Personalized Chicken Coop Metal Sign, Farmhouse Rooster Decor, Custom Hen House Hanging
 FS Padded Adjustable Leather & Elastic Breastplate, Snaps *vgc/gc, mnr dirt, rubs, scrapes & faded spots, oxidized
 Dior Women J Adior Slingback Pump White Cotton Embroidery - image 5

-=-=-=-=-

Try it –
Output the full listing above word for word.

Exercise answer –
Personalized Chicken Coop Metal Sign, Farmhouse Rooster Decor, Custom Hen House Hanging
 FS Padded Adjustable Leather & Elastic Breastplate, Snaps *vgc/gc, mnr dirt, rubs, scrapes & faded spots, oxidized
 Dior Women J Adior Slingback Pump White Cotton Embroidery - image 5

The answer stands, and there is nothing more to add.